For greater clarity, I will give a practical example.
Here I have four documents:
{
"_ident": "5/425/2020",
"versions": [
{
"version": "20210506",
"headlines": [
{},
{
"paragraf_id": "predpis.nadpis",
"title": "o štátnom rozpočte na rok 2021"
}
],
"text": "Sixty-Four comes asking for bread."
}
]
}
{
"_ident": "5/425/2020",
"versions": [
{
"version": "20190506",
"headlines": [
{},
{
"paragraf_id": "predpis.nadpis",
"title": "o štátnom rozpočte na rok 2021"
}
],
"text": "Sixty-Four comes asking for bread."
}
]
}
{
"_ident": "5/425/2020",
"versions": [
{
"version": "20170406",
"headlines": [
{},
{
"paragraf_id": "predpis.nadpis",
"title": "o štátnom rozpočte na rok 2021"
}
],
"text": "Sixty-Four comes asking for bread."
}
]
}
{
"_ident": "5/7/2023",
"versions": [
{
"version": "20170406",
"headlines": [
{},
{
"paragraf_id": "predpis.nadpis",
"title": "o štátnom rozpočte na rok 2021"
}
],
"text": "Sixty-Four comes asking for bread."
}
]
}
And I want to get documents that are matched with word "comes" and their version less than "20210506": so responce should contain document with: "_ident": "5/425/2020","version": "20190506" and document with: "_ident": "5/7/2023", "version": "20170406".

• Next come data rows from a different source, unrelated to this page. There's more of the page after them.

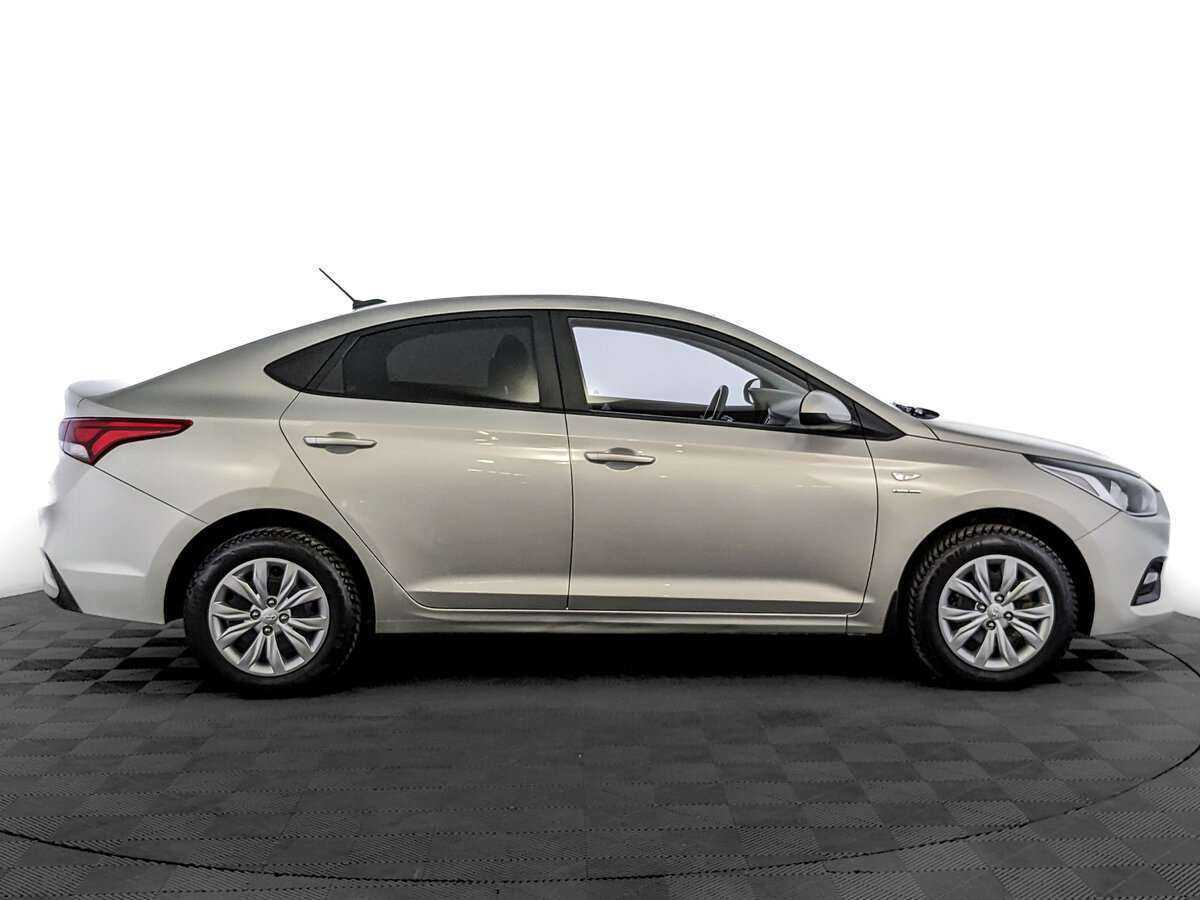 Hyundai Solaris, 2019 - фото №4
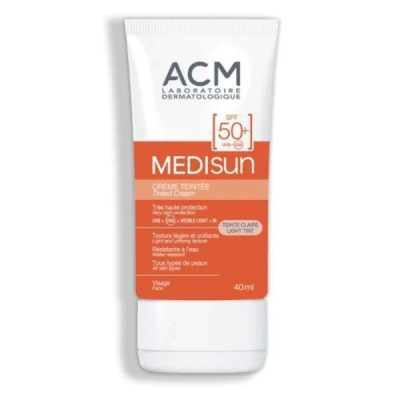 ACM - Medisun creme teinte claire spf50+ | UNIKA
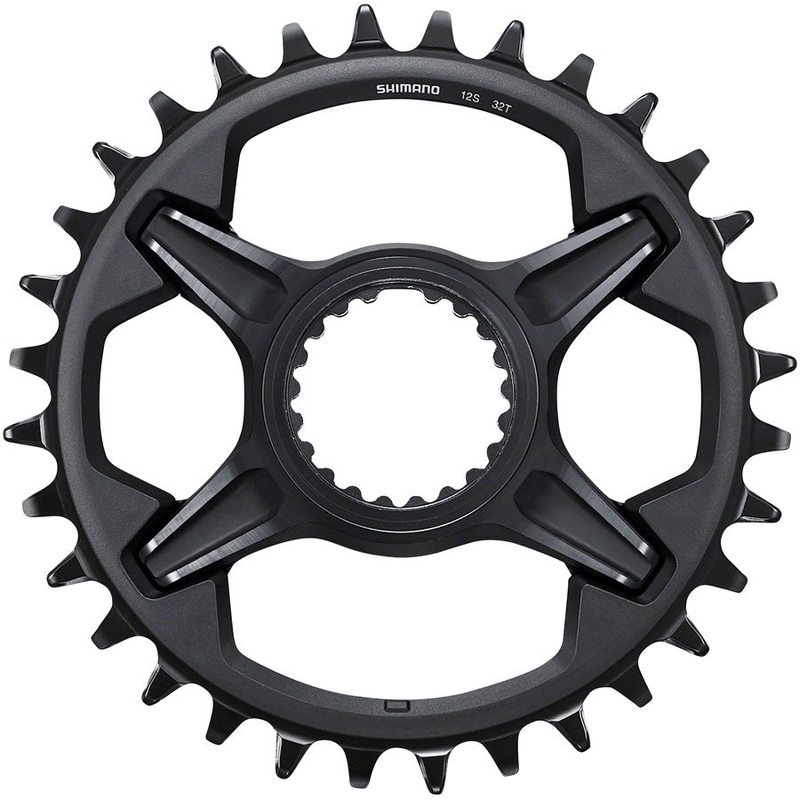 Shimano XT SM-CRM85 36t 1x Chainring for M8100 and M8130 Cranks Black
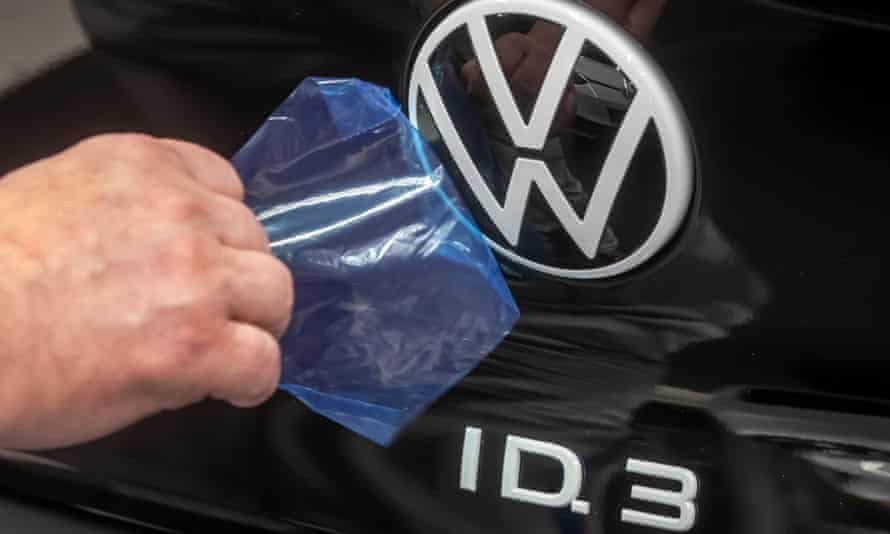 VW ID.3 car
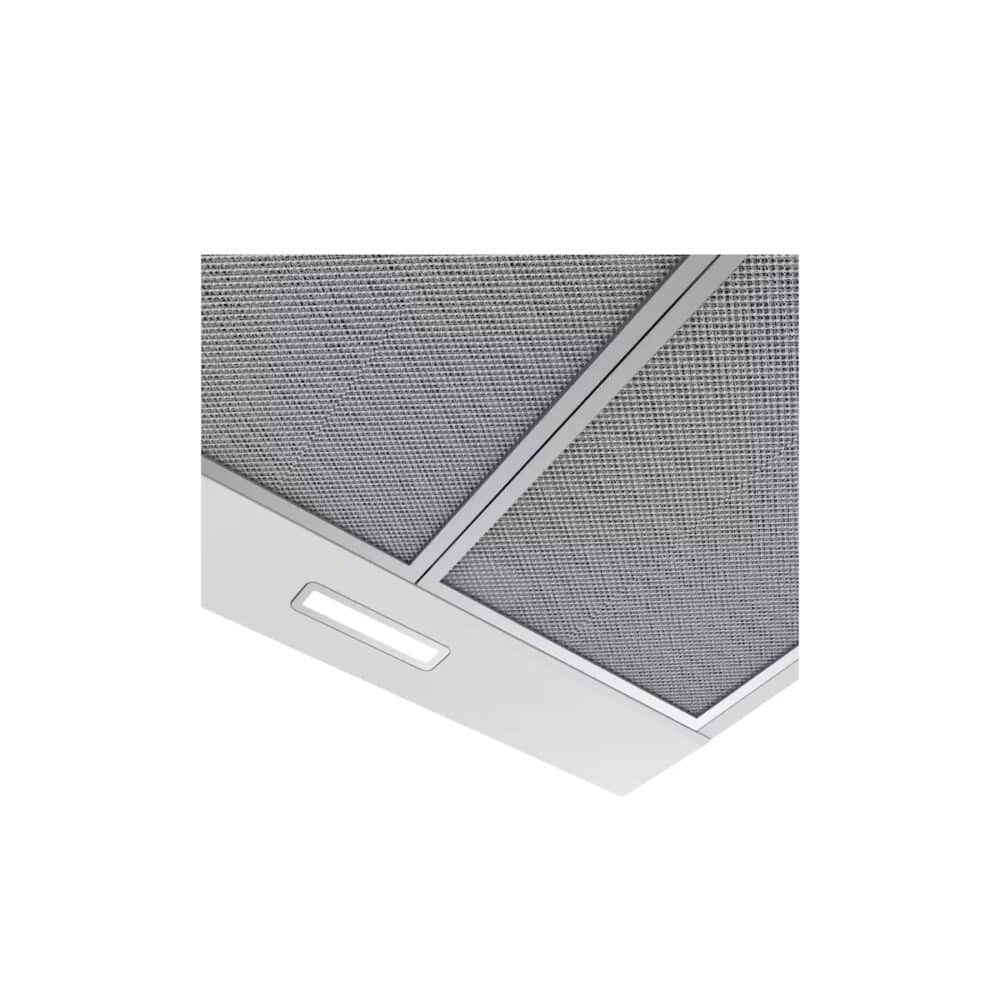 Hotă clasică Nobeltek NHOCL60F49W, 60 cm, 3 trepte de viteză, Albă - imagine 4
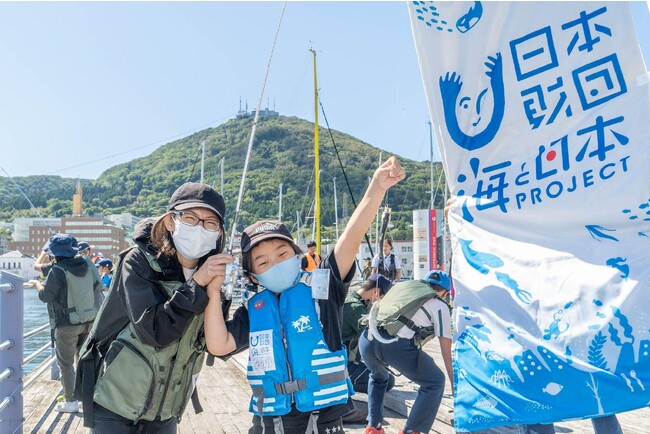 「まさがよ～！」イワシ爆釣の函館で、釣った魚を試食＆海を学ぶ「親子de海釣り自然塾」を開催しました！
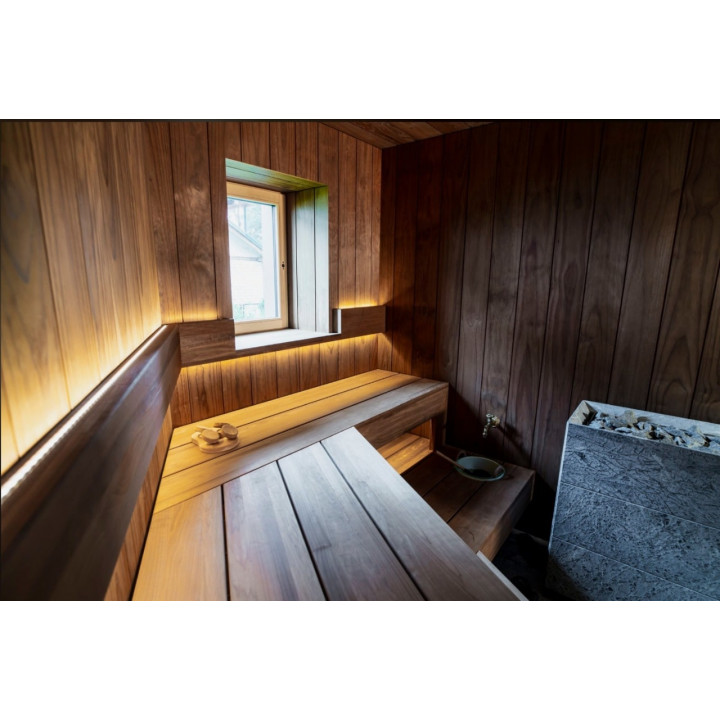 Poêle de sauna électrique TULIKIVI TUISKU XL TBH sans panneau de commande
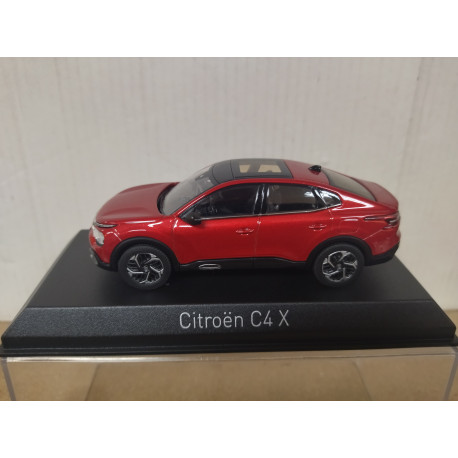 CITROEN C4 X 2023 ELIXIR RED 1:43 NOREV 155482 NV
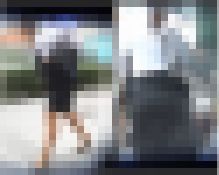 【街撮り動画Part78】リクスー就活女子大生の乳と尻 サンプル画像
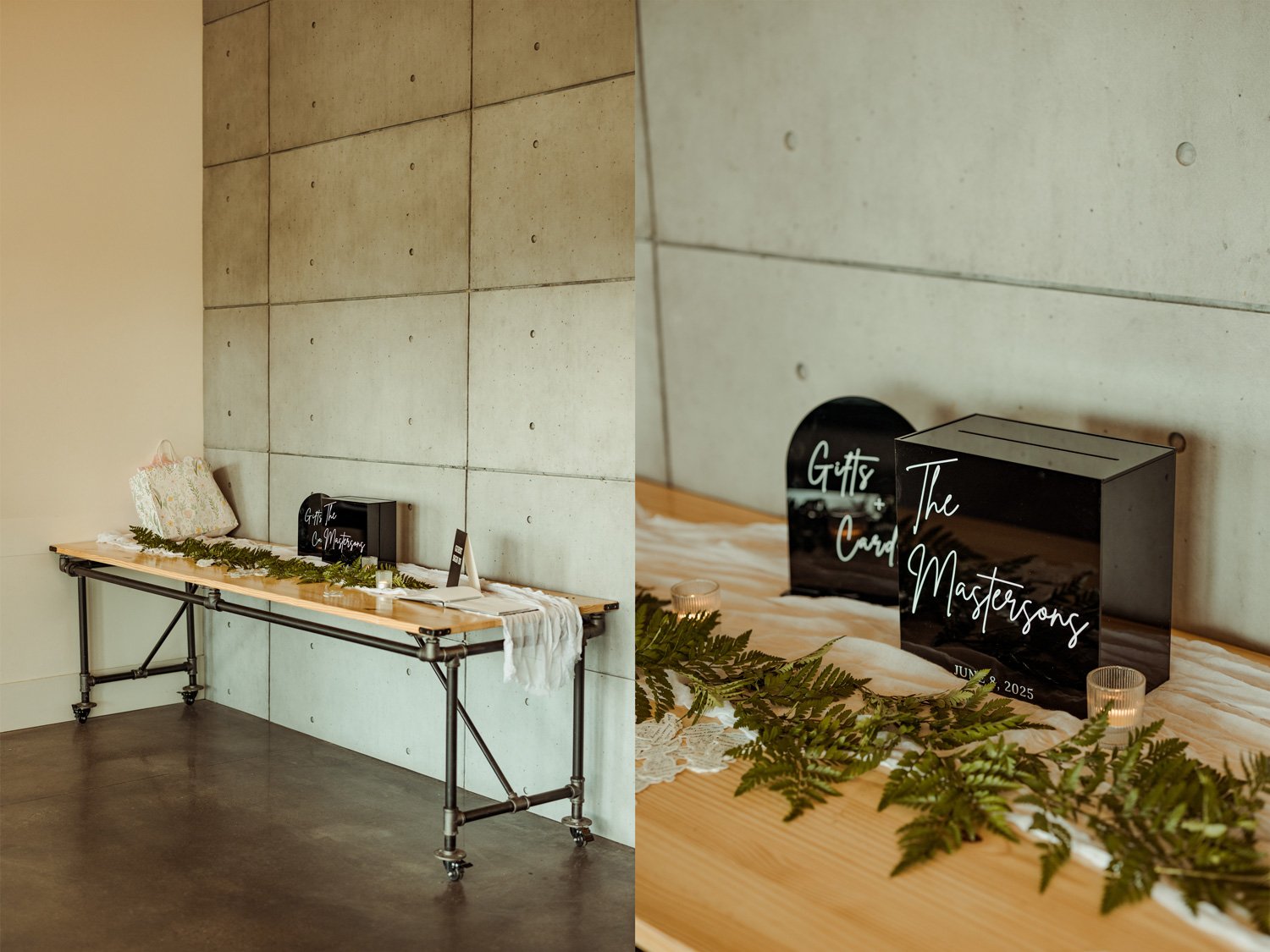 The Midnight Gem Wedding, Swisher, Iowa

I made this query, but it doesn't work:
GET /test_index/_search
{
"query": {
"bool": {
"must": [
{
"nested": {
"path": "versions",
"query": {
"match": {
"versions.text": "comes"
}
}
}
},
{
"script": {
"script": {
"source": """
def threshold = params.threshold;
def maxVersion = doc['versions.version'].size() > 0 ? doc['versions.version'].value : 0;
return maxVersion < threshold;
""",
"params": {
"threshold": 20210101
}
}
}
}
]
}
}
}
Could you help me please to make a query that will work?